== Segment start ==
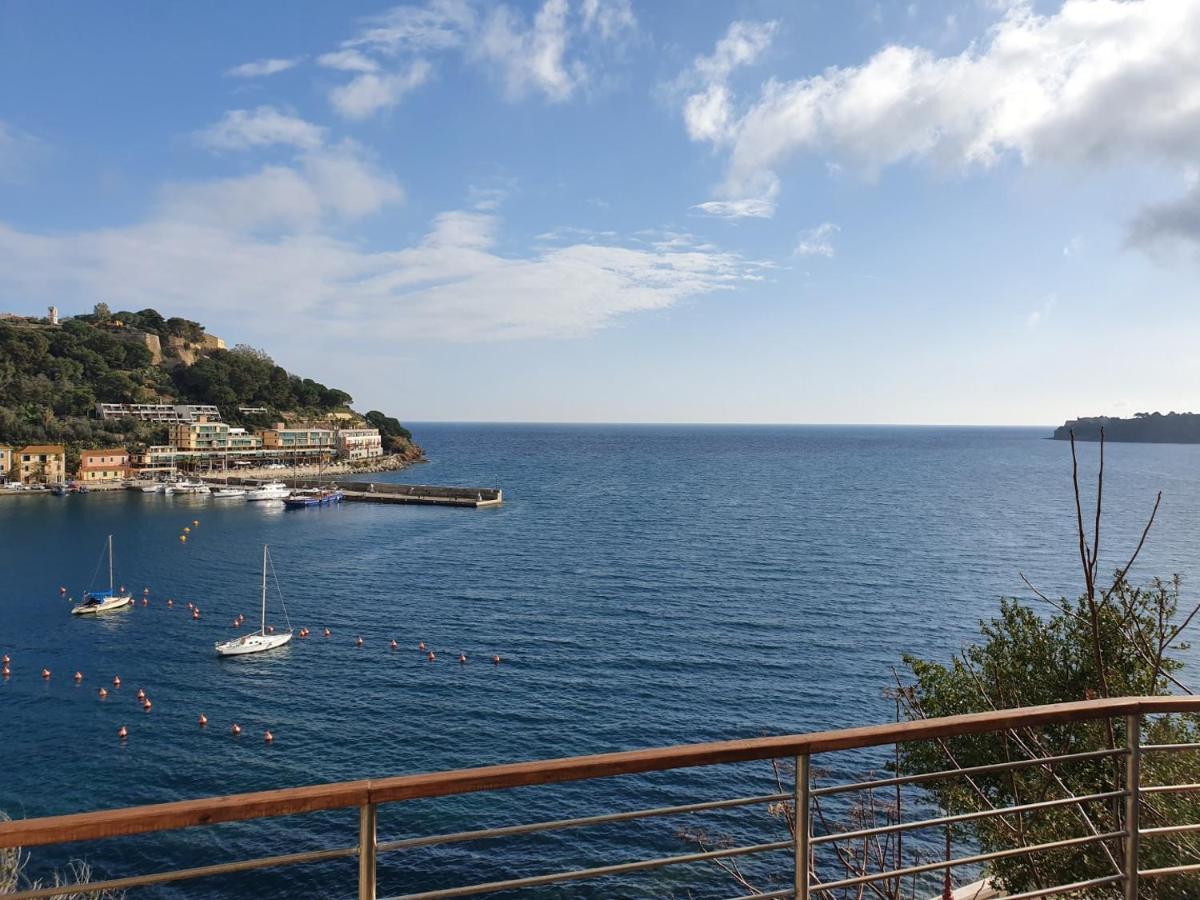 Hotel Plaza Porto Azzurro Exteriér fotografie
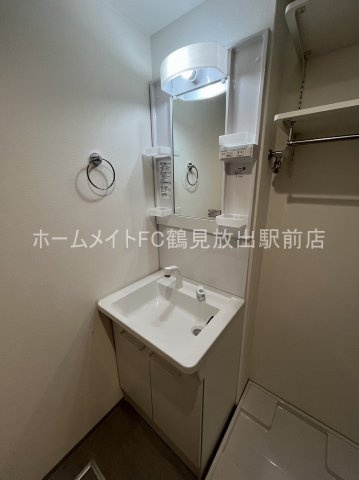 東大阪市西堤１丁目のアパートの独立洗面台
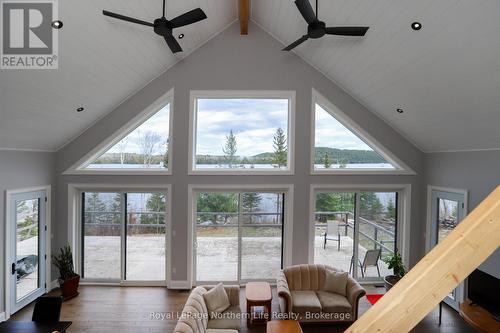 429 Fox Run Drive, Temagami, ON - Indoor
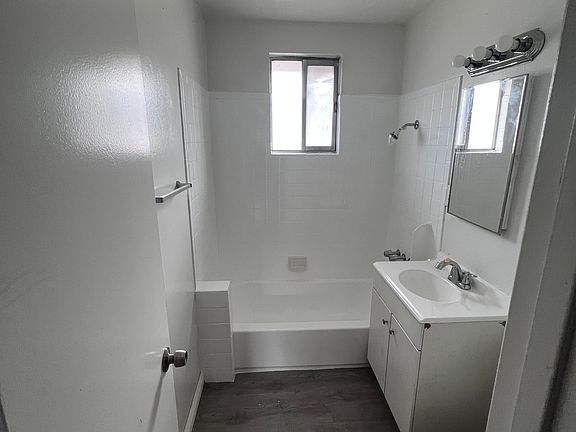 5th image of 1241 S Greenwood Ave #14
== Segment end ==
== Segment start ==
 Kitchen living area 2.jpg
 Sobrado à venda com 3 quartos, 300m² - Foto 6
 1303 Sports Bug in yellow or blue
== Segment end ==
== Segment start ==
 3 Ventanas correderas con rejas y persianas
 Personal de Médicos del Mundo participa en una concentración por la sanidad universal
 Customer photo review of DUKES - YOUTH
== Segment end ==
AIM OF THE TASK: For the material above, give again only the lines starting at the line that contains "Hotel Plaza Porto" and ending at the line that contains "5th image of 1241 S Greenwood Ave #14". Pictures do not belong in the copy.

TASK SOLUTION:
 Hotel Plaza Porto Azzurro Exteriér fotografie
 東大阪市西堤１丁目のアパートの独立洗面台
 429 Fox Run Drive, Temagami, ON - Indoor
 5th image of 1241 S Greenwood Ave #14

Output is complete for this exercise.